-- What you will do --
Return only how many lines in the data include the string "Photo".

-- Materials provided --
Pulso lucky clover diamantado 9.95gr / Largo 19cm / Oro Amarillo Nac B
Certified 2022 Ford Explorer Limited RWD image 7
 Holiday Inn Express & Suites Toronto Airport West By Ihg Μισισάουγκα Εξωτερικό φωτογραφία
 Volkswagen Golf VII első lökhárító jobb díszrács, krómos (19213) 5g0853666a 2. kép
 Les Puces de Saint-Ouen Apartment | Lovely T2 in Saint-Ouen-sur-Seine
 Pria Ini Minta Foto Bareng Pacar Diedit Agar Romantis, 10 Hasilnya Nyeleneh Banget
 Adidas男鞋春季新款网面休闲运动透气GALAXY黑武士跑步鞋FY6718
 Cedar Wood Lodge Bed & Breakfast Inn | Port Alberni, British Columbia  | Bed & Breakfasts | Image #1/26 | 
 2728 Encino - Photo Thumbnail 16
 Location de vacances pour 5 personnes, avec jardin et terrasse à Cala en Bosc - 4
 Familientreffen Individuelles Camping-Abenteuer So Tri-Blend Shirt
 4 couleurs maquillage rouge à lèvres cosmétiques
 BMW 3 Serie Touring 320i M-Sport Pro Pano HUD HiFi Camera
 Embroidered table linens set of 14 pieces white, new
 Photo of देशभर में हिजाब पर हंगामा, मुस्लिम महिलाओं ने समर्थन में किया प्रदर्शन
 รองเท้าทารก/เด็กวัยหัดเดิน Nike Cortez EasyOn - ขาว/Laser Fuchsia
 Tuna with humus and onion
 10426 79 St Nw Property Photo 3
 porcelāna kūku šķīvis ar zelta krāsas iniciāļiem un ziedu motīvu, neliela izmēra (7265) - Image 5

-- Completed task --
3